When New Orleans-area artist and craftsman David Bergeron sets out to create a frame, piece of furniture or other work, it’s not just the finished product that’s meaningful to him, but also the origin of its materials. All of Bergeron’s pieces are constructed with locally salvaged lumber— literal pieces of the rich legacy of southeastern Louisiana. So it’s no surprise that Bergeron’s own roots have had such a vital impact on his craft.
Born the son of an iron worker and seamstress in 1972 in Marrero, Louisiana—a suburb of New Orleans—Bergeron was immersed from a very early age not just in creative influences but a spirit of ingenuity. “My grandfather, a self-taught carpenter, gardener and outdoorsman, built the house he later raised his family in as a teenager with little education.”

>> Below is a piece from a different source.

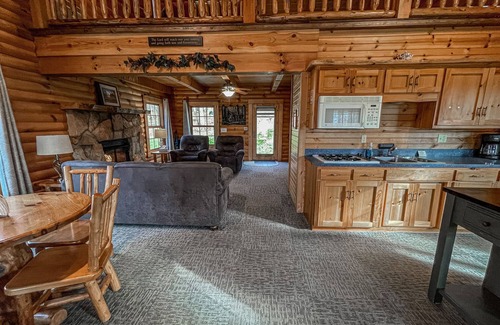 Millersburg Cabina | Tulip Poplar at Tranquil Acres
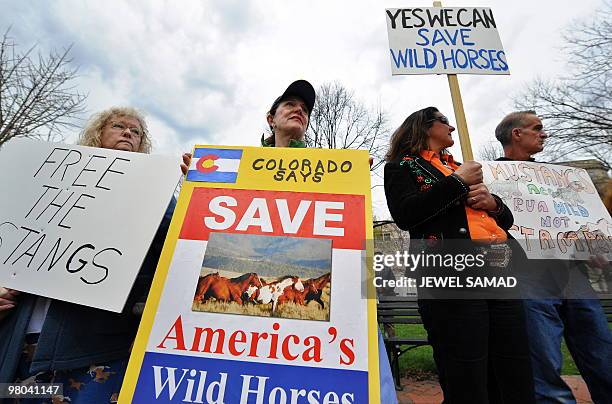 Sample Rally Placards 1,931 Picket Signs During March On Washington Stock Photos, High-Res ...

Bergeron followed his grandfather’s example by forging his own path, combining his love of Old World craftsmanship with a deep desire to make a dent in the waste stream. Influenced by southern folk, outsider and tramp art styles, and seeing a ready supply of materials in overflowing dumpsters of lumber from renovations in and around New Orleans, he created a style that juxtaposes actual pieces of New Orleans history with fresh patterns and design.
In 1999, after some prodding from friends and family, Bergeron began marketing his work, which has since sold in various retail locations, galleries, art shows and festivals. He also has framed countless pieces of folk and outsider art for private collections worldwide.